-- Opening Marker --
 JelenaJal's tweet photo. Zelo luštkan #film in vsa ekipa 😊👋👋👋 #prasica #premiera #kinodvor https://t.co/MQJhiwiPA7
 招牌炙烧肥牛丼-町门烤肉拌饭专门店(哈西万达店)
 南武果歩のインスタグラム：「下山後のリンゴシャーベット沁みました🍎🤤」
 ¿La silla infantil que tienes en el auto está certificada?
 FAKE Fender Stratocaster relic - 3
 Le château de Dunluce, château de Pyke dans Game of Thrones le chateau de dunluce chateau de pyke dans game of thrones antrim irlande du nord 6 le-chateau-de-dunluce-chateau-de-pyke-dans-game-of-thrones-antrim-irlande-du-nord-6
-- Closing Marker --
-- Opening Marker --
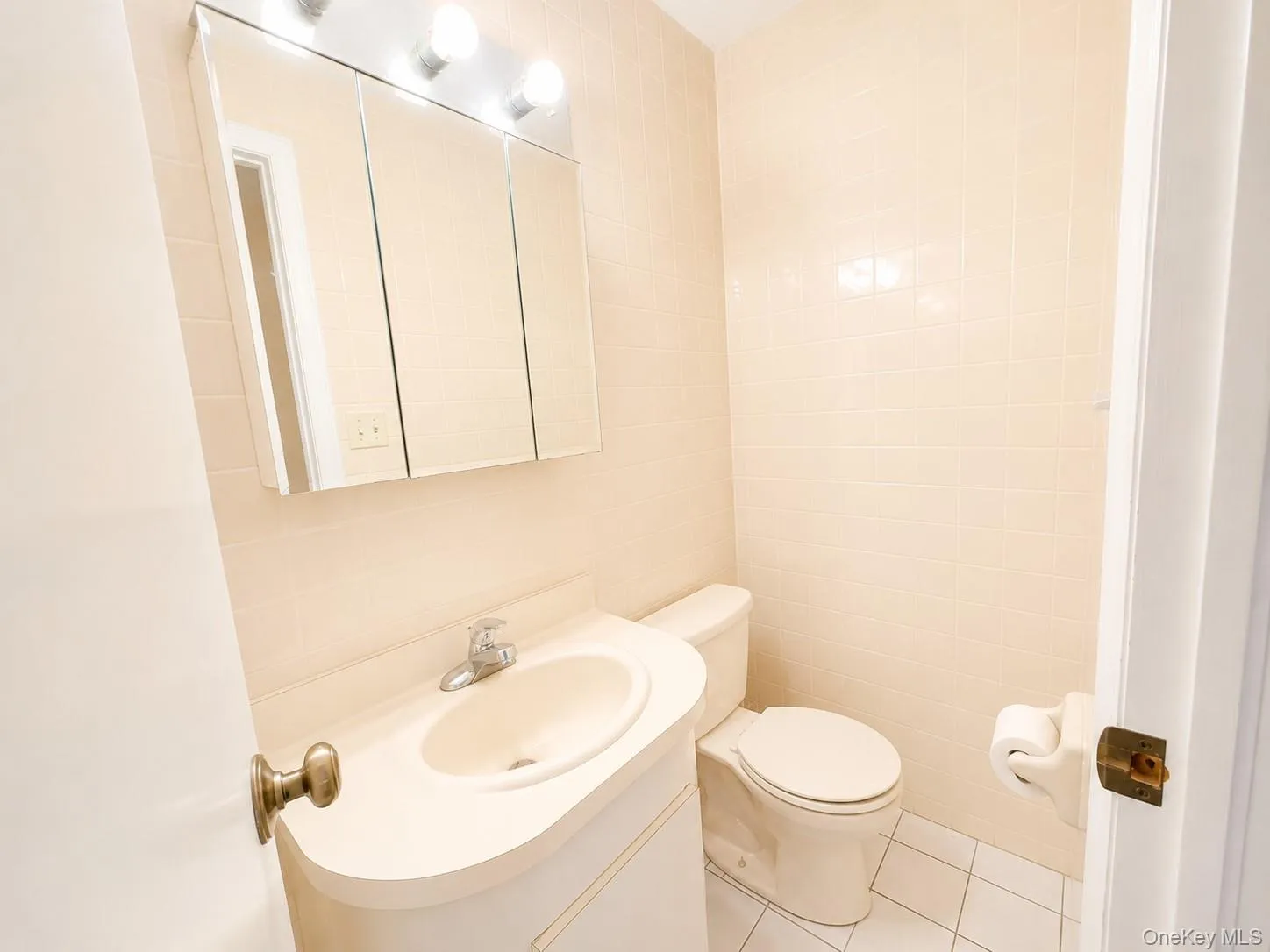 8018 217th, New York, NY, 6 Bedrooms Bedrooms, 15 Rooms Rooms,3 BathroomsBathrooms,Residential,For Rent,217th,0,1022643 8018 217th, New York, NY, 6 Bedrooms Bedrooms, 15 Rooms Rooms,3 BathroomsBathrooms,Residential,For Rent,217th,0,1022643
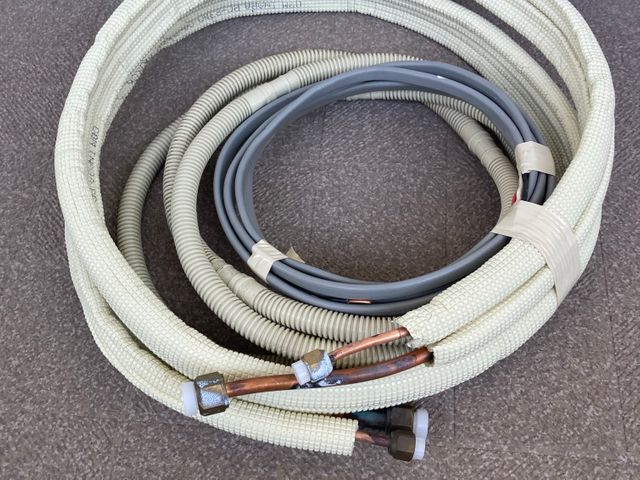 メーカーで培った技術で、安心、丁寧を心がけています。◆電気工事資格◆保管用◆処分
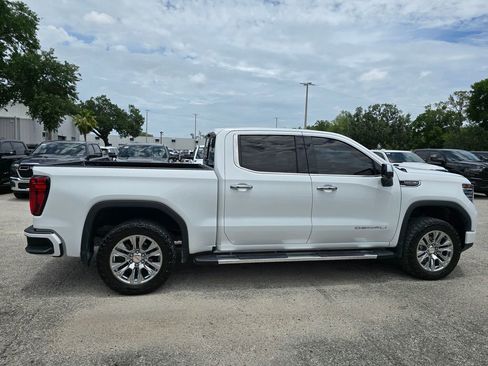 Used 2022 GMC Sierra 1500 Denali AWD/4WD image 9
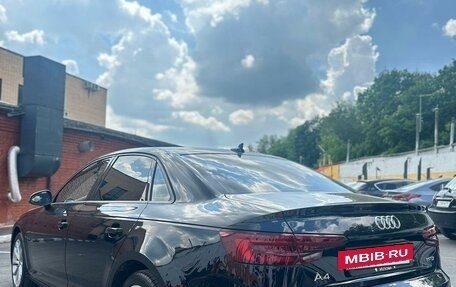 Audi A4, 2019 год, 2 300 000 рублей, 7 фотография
-- Closing Marker --
-- Opening Marker --
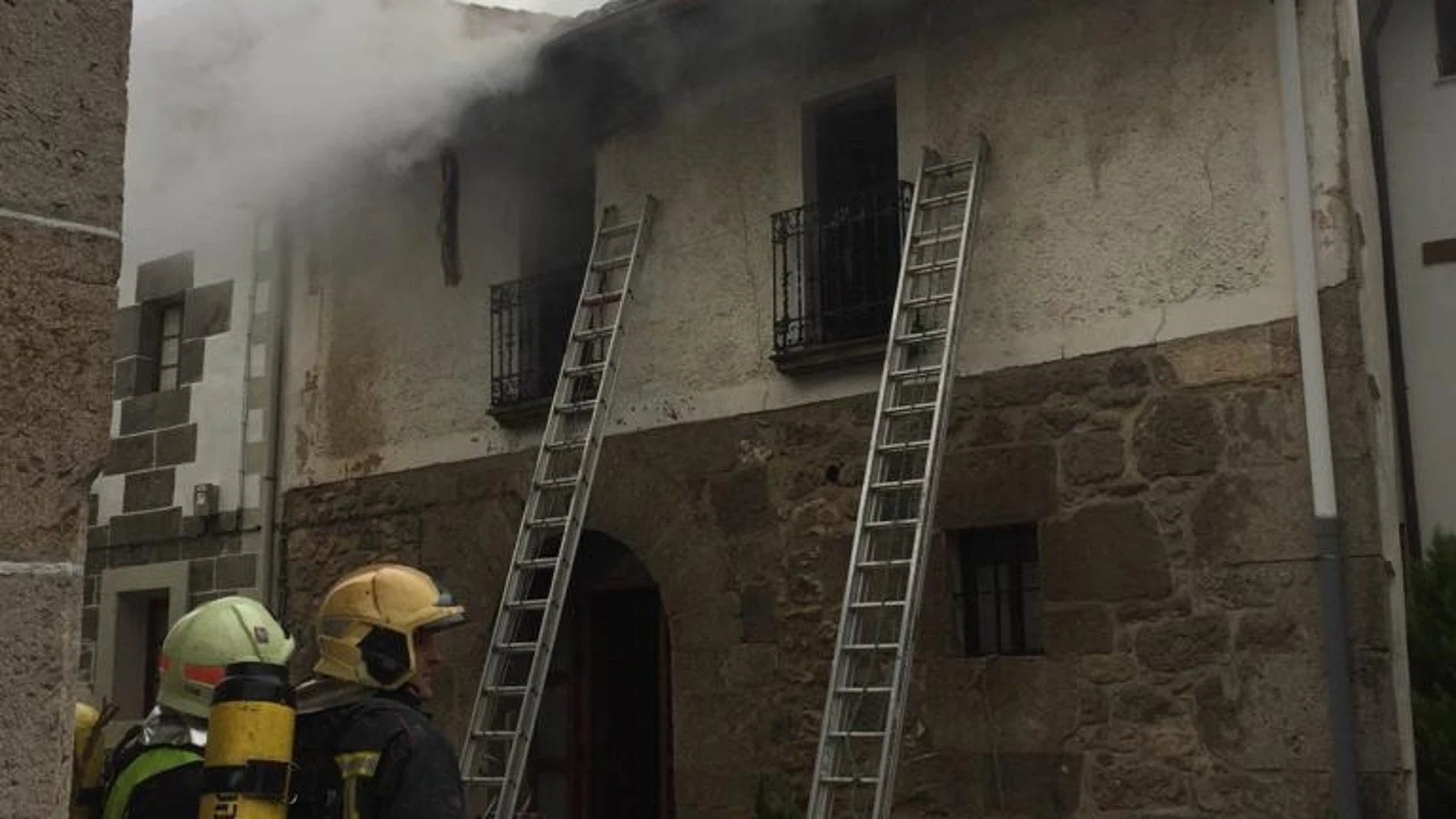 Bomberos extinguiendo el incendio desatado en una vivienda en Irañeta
-- Closing Marker --
■ **What is needed**: Within the listing above, print exactly the stretch beginning at the line that contains "Used 2022 GMC" and finishing at the line that contains "Audi A4, 2019", ends kept, pictures left out, and nothing more.

■ **Task solution**:
 Used 2022 GMC Sierra 1500 Denali AWD/4WD image 9
 Audi A4, 2019 год, 2 300 000 рублей, 7 фотография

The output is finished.